So, not quite a MOOC, but still pretty close. I wonder if this is the MVP for scaling YC beyond the individual batches.


The batches are the secret sauce. (Well, not that secret.) Doing YC without the batches would be a very impressive feat to pull off. It would turn the piston driven machine they have now into the equivalent of a turbine.


The people are the secret sauce. Specifically, the people at YC who know everyone worth knowing in the valley. You join YC for their rolodex; nothing else they do is that different from any other accelerator.

Not that YC doesn't add value (they do; especially in companies with very raw founders) but Silicon Valley is all about who you know. That's a lot of value right there.


What does that even mean?


Apologies for using a metaphor. Let me try to clarify. Batches allow you to look at a bunch of companies at roughly the same point in time. So you now get to look at the companies against the backdrop of all the other companies in the same batch. Rather than having to make a one-shot decision about a single start-up you make a decision about which N of the 100's of applicants you like best which will give you a statistical advantage.

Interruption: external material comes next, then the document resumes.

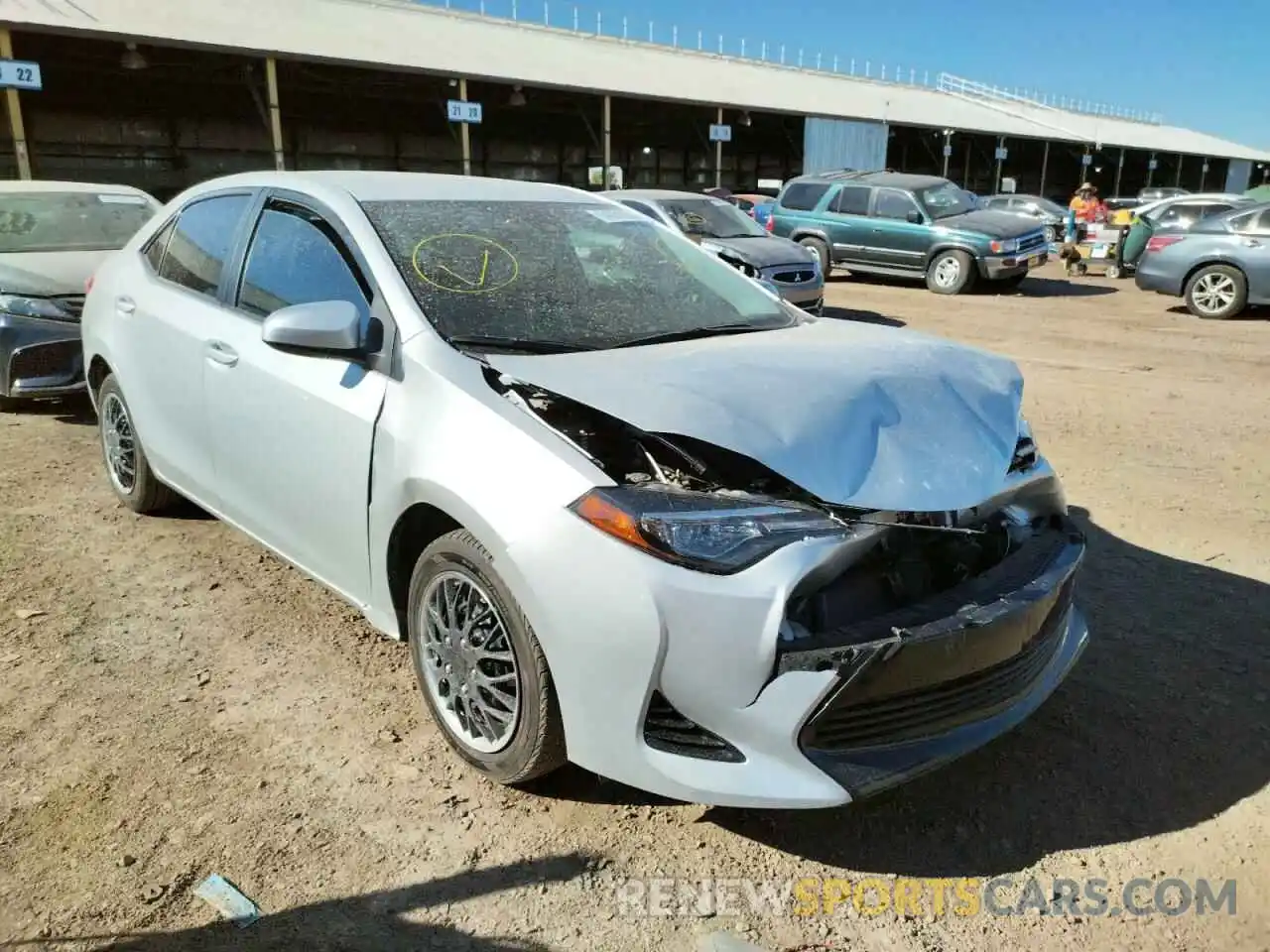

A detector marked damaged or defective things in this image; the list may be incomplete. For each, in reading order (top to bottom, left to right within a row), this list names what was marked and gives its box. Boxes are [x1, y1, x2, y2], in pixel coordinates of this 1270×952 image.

But it is possible that YC now has crunched enough data and has enough people in the alumni network that they can abandon the batch model and get the same kind of quality without having to use the batch model.

The 'late' applications were a hint in this direction, if they get rid of the batch model entirely they will have potentially a huge benefit both in load (batches will create temporary overload) and in total throughput.

So instead of having two 'strokes' per year they'd be moving at an ever accelerating pace until they run at the maximum rate at which viable applicants can apply and be processed.


To explain a bit of the metaphor, a piston has very discrete stages to produce work (at minimum, up and down) whereas a turbine is continuously spinning. YC's history has relied on 'stages' where all the companies are on the same path, they present at demo day, and the investors know exactly what to expect. If they turned into a 'turbine', the companies would all be at random stages, Demo Day would be much different, and YC would come to resemble more typical VC funds.


Hopefully, they'll also be captioned so that deaf entrepreneurs like me can also watch. They've set the standard by funding non-profits, hopefully they'll also set another standard by building an accessible lecture series.


Very rough first pass transcription, I'm ironing out the typos: http://www.bnjs.co/2014/09/25/transcript-lecture-1-how-to-st...


Apologies for the delayed response, bnjs. Apparently I need to figure out a way to get replies to comments. Thanks for the awesome transcription, I know how much of effort these take :).


If they aren't let me know and I'll transcribe as much as I have time for, I did the same for one of the start-up schools.


A transcript would be amazing! Thanks. Could you share the Startup School transcript that you wrote also? Would love to read it.


I also needed a transcript (doubles as notes). Will post my own transcript here for you guys.


HackReactor is doing it with great success, wouldn't be too surprised to see positive feedback for this course leading to something similar.


It's interesting that this is inside of the computer science department and is limited to engineering students considering YC has really been expanding the companies it's accepting. E145[0], an existing and highly sought after technology entrepreneurship course, is just a general engineering class and isn't limited to traditional engineering majors, as far as I'm aware.

Tons of great founders of tech companies come from disciplines outside of engineering and manage to learn enough on their own. I would wonder if it's a function of keeping it from getting oversubscribed or possibly a way to allow the curriculum to be narrowly focused towards how to build a scalable software business.

Exciting stuff regardless!

[0] http://e145.stanford.edu/


Quote from: http://e145.stanford.edu

> All undergraduate students at Stanford University of any major are encouraged to join us (no graduate students please)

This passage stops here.